Task prompt
Every entry should be repeated exactly. Omit the pictures.

Scraped caption text data
=======

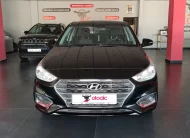 Hyundai Accent 1.6 CRDI 136 Confort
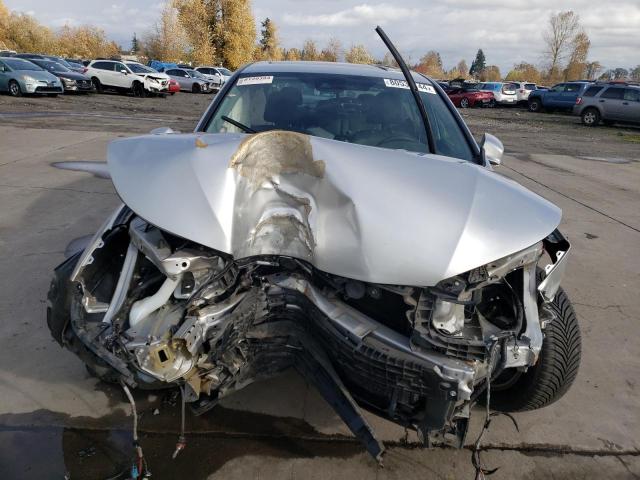 2015 HONDA ACCORD EXL - 1HGCR3F81FA030047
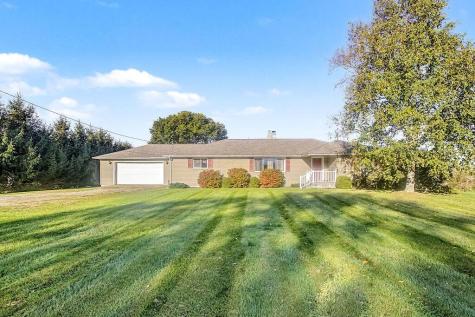 6179 Johnsville Road Centerburg OH 43011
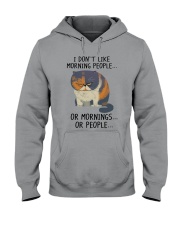 I don't like Hooded Sweatshirt tile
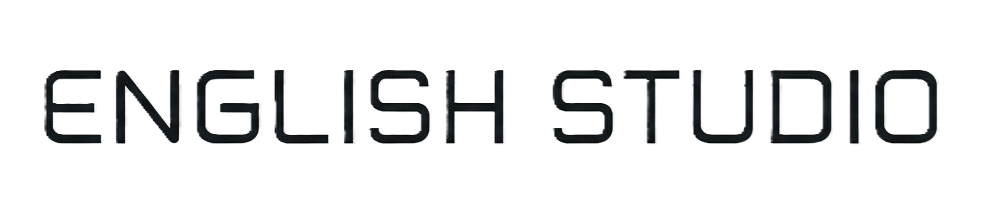 English Studio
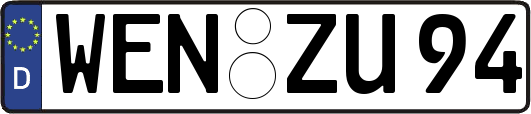 WEN-ZU94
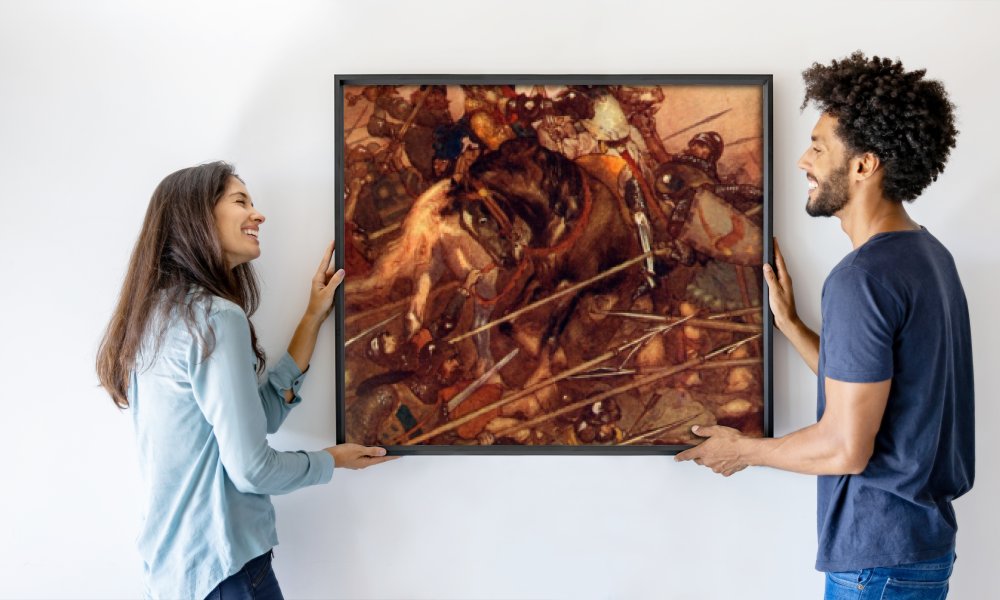 William Andrew Pogany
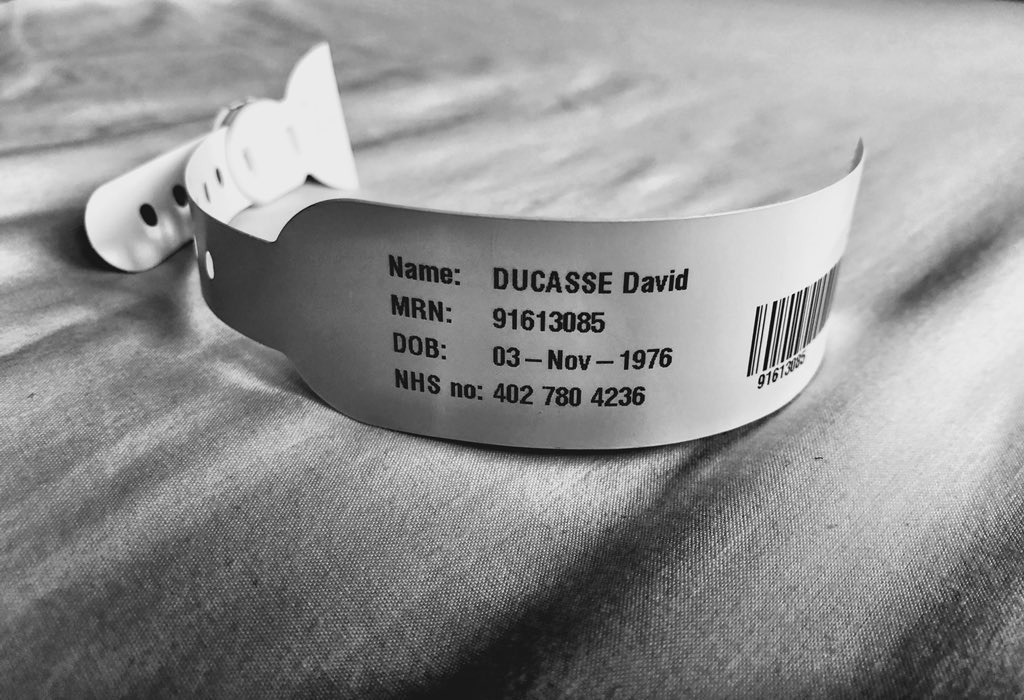 David Ducasse tweet media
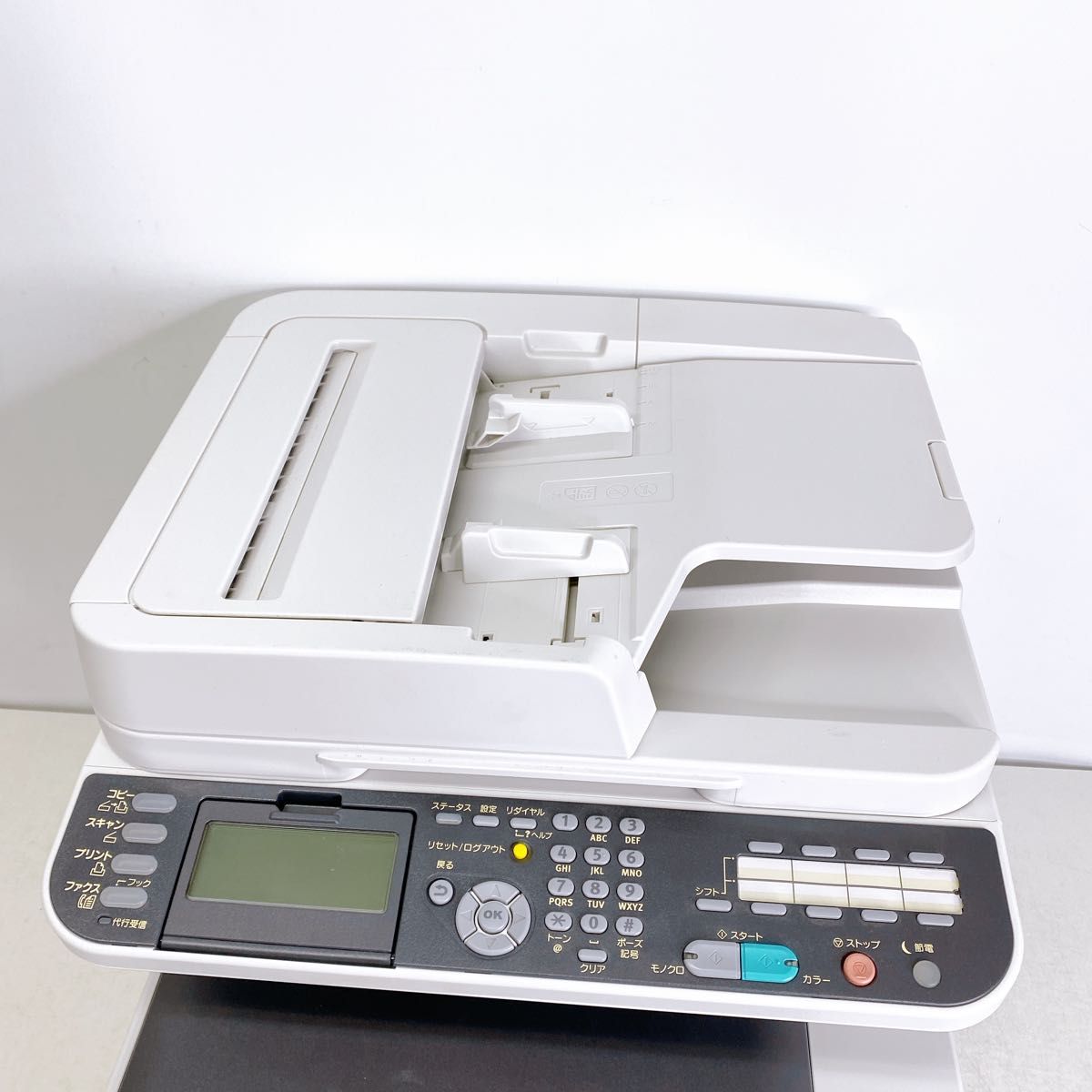 OKI COREFIDO MC363 A4カラー レーザー複合機 00264|Yahoo OKI COREFIDO MC363 A4カラー レーザー複合機 00264|Yahoo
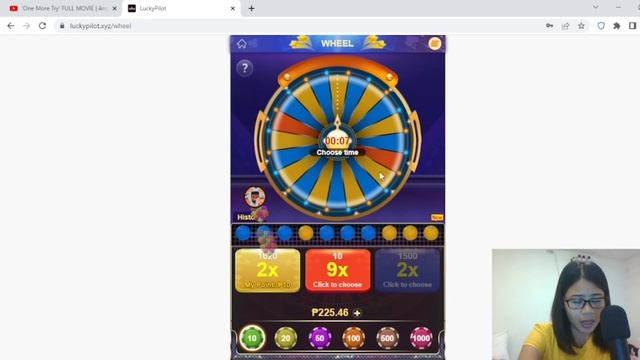 I EARN 30,000P IN THIS PLATFORM!! SIGN UP TO GET FREE 151P BONUS | PLAY TO EARN! смотреть онлайн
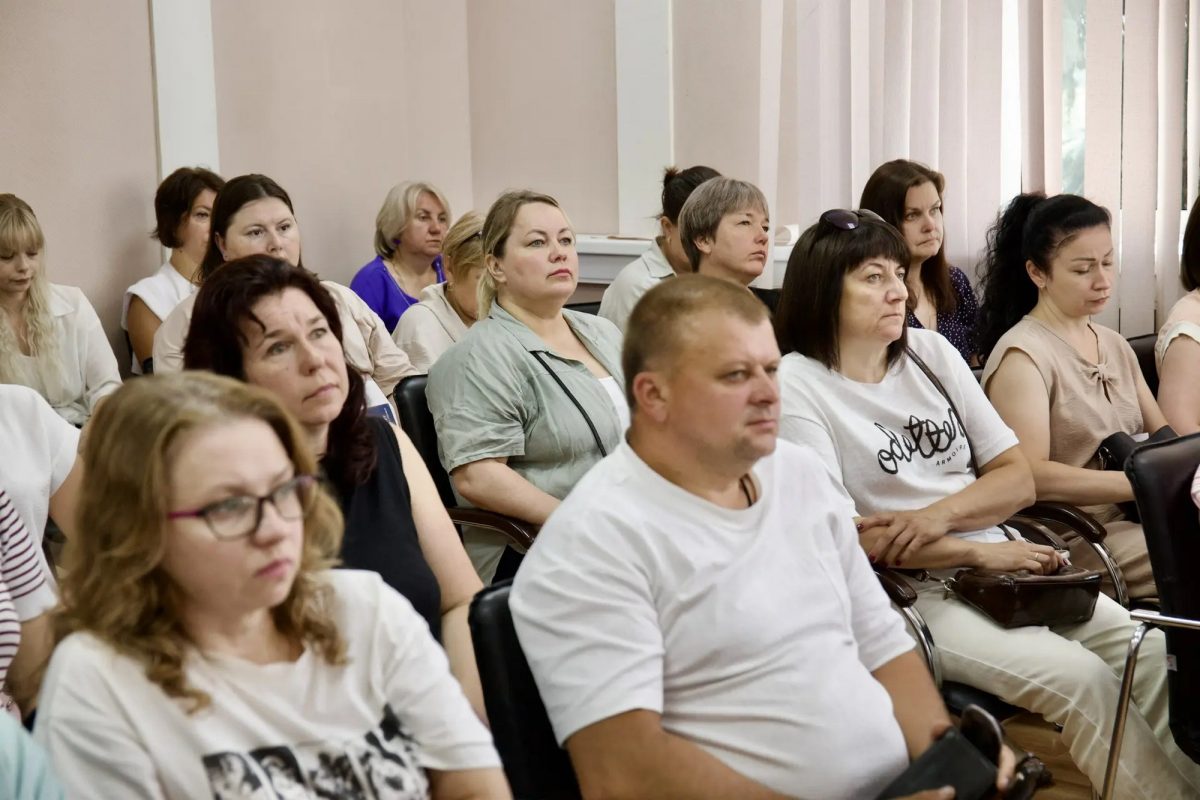Предприниматели приглашаются на семинар по актуальным вопросам маркировки «Честный знак» в Балахне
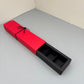 50PCS 6-chocolate box with red sleeve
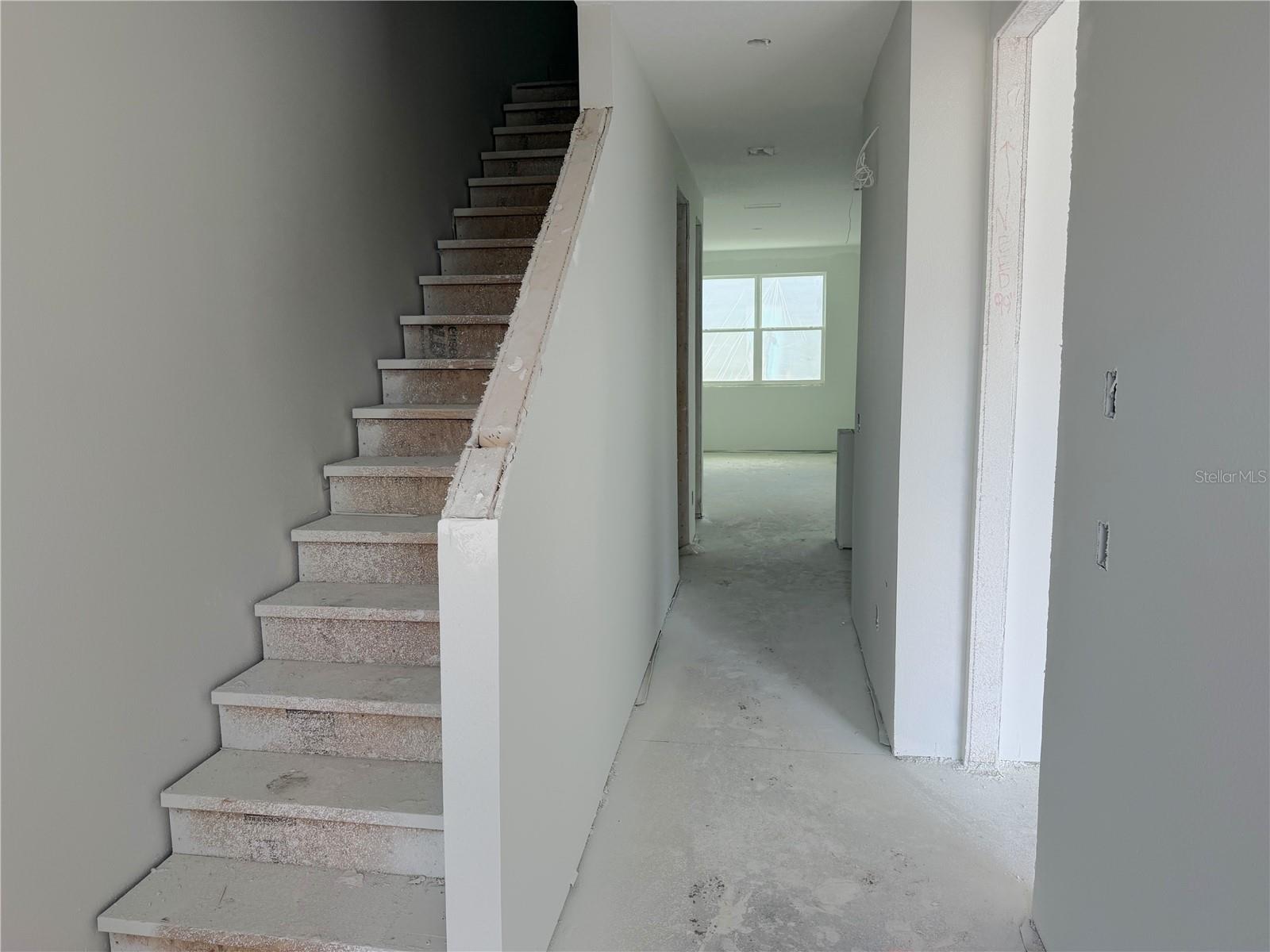 MONTAGUE TOWNHOMES - Residential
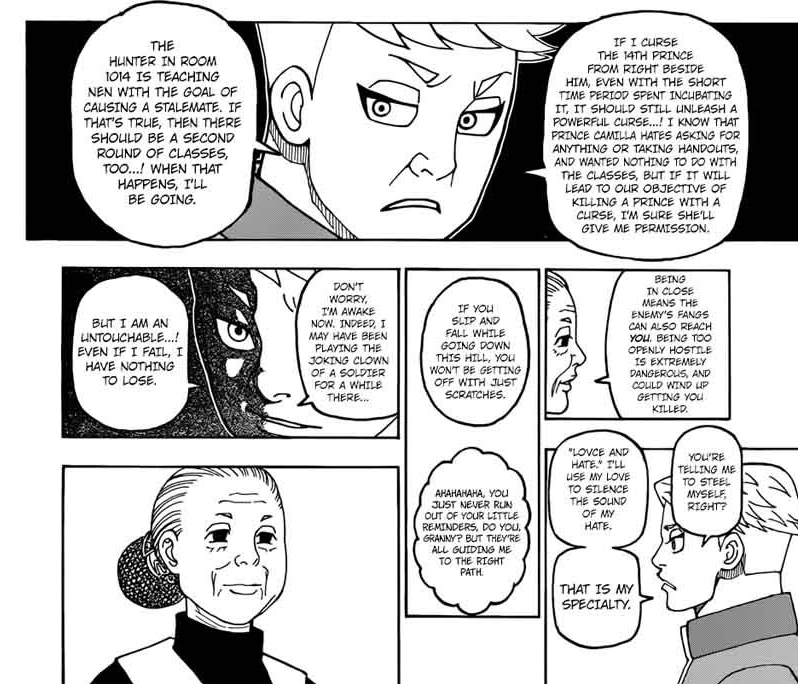 Hunter X Hunter: 10 Harsh Realities Of Being A Hunter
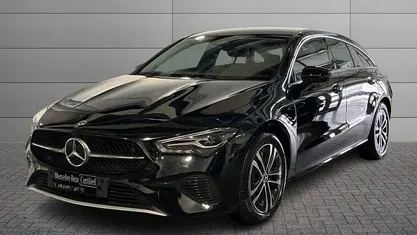 Usata Mercedes CLA180 Advanced 116 CV (85 kW) 2025 Berlina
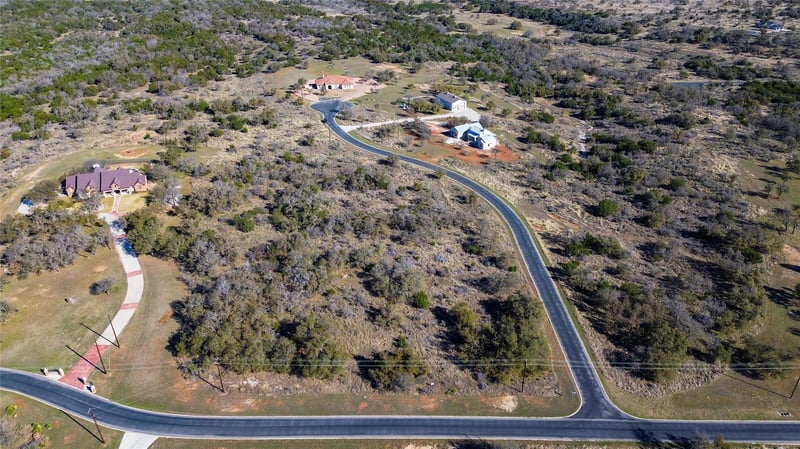 Lot 20 Comanche RDG, Round Mountain, TX 78663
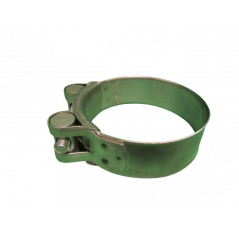 Collier d'échappement Inox 64-67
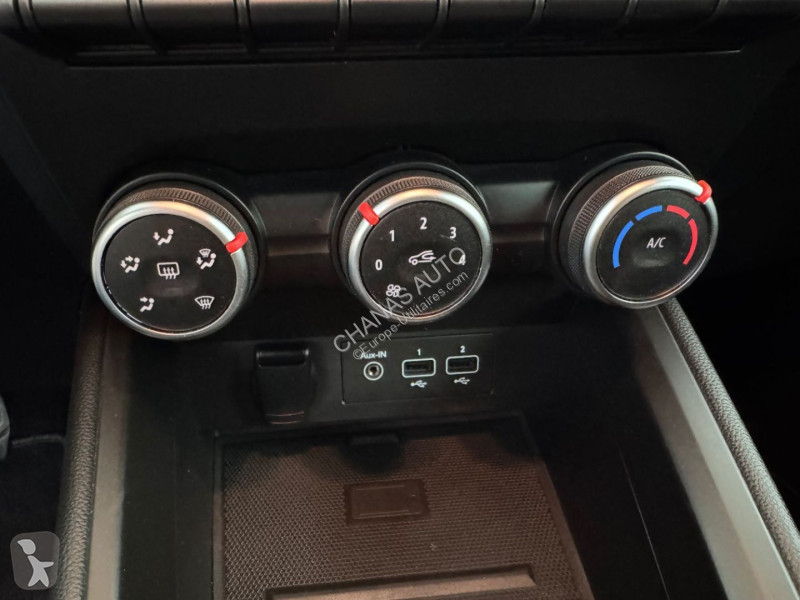 Veículo utilitário Renault 1.0 TCe 90 Zen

=======

Answer section
 Hyundai Accent 1.6 CRDI 136 Confort
 2015 HONDA ACCORD EXL - 1HGCR3F81FA030047
 6179 Johnsville Road Centerburg OH 43011
 I don't like Hooded Sweatshirt tile
 English Studio
 WEN-ZU94
 William Andrew Pogany
 David Ducasse tweet media
 OKI COREFIDO MC363 A4カラー レーザー複合機 00264|Yahoo OKI COREFIDO MC363 A4カラー レーザー複合機 00264|Yahoo
 I EARN 30,000P IN THIS PLATFORM!! SIGN UP TO GET FREE 151P BONUS | PLAY TO EARN! смотреть онлайн
Предприниматели приглашаются на семинар по актуальным вопросам маркировки «Честный знак» в Балахне
 50PCS 6-chocolate box with red sleeve
 MONTAGUE TOWNHOMES - Residential
 Hunter X Hunter: 10 Harsh Realities Of Being A Hunter
 Usata Mercedes CLA180 Advanced 116 CV (85 kW) 2025 Berlina
 Lot 20 Comanche RDG, Round Mountain, TX 78663
 Collier d'échappement Inox 64-67
 Veículo utilitário Renault 1.0 TCe 90 Zen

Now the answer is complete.